UK glaciologists warn of global warming threat to South American World Heritage Site
Leading UK scientists fear that one of South America’s leading natural tourist destinations, the San Rafael Glacier in Patagonian Chile, which is renowned for the spectacular way in which it releases icebergs into the San Rafael Laguna, may soon retreat to a point where it no longer reaches the sea. This, they warn, might remove one of the main reasons why thousands of tourists travel to this remote corner of Chile every year.
The glaciologists have been studying the San Rafael Glacier, one of the fastest-moving glaciers in the world, and others in the Northern Patagonian Icecap, for the past 13 years. Following their recent visit there on a research project with Raleigh International, Dr Neil Glasser and Dr Krister Jansson from the University of Wales, Aberystwyth and Dr Stephan Harrison from Oxford University have revealed that the ice front of the glacier has receded over 1km since the early 1990s and iceberg calving activity has been dramatically reduced.
Dr Neil Glasser said, “The San Rafael glacier is an amazing natural phenomenon which flows from an altitude of 3000 metres to the San Rafael Laguna at sea level. In latitude terms an equivalent glacier in the northern hemisphere would flow into the Mediteranean. This means that the glacier is a very sensitive barometer of global climate change.”
“There is no evidence to show that rain fall in the region has changed significantly over the past 100 years. The retreat of the glacier could only have been brought about by a rise in atmospheric temperature. Every year over 30 metres of snow falls in the mountains where the glacier forms. Such large quantities of snow maintain the flow of the glacier down to sea level.”
“The effect of this change on the San Rafael glacier will be dramatic. If the glacier retreats further up valley, it will cease to calve icebergs into the laguna, and one of the reasons why this area attracts so many tourists will be largely gone. As well as reflecting climate change, this may have knock on effects on the local economy.”
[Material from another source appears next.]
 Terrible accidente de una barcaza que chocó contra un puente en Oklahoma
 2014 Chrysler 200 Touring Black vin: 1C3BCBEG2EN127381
Dr Stephan Harrison from Oxford University said, “In recent years the glaciers of the Northern Patagonian Icecap have been melting rapidly as a result of Global warming, and the San Rafael Glacier has mirrored this retreat. The Patagonian icefields are losing ice more rapidly than any other comparable ice masses on earth and we must see this as the inevitable consequence of Global climate change,” he added.
The glacier flows westwards from the North Patagonian Icecap at around 17 metres a day, cutting through rainforests, and calves spectacularly into the Laguna San Rafael from a 70m high vertical ice cliff. The icebergs that are produced are often 100m long and the Laguna is a magnet for tourist boats. This unique environment is a World Heritage Site and forms the focus for the Laguna San Rafael National Park.
Glasser, Jansson and Harrison, have just completed a three-week research project with Raleigh International, to evaluate how the world’s climate has evolved over the past few thousand years and to help predict what is in store for the future. The group collected over 40kg of sediments for dating purposes from moraines while working at the glacier. The samples are currently on route to the UK for dating.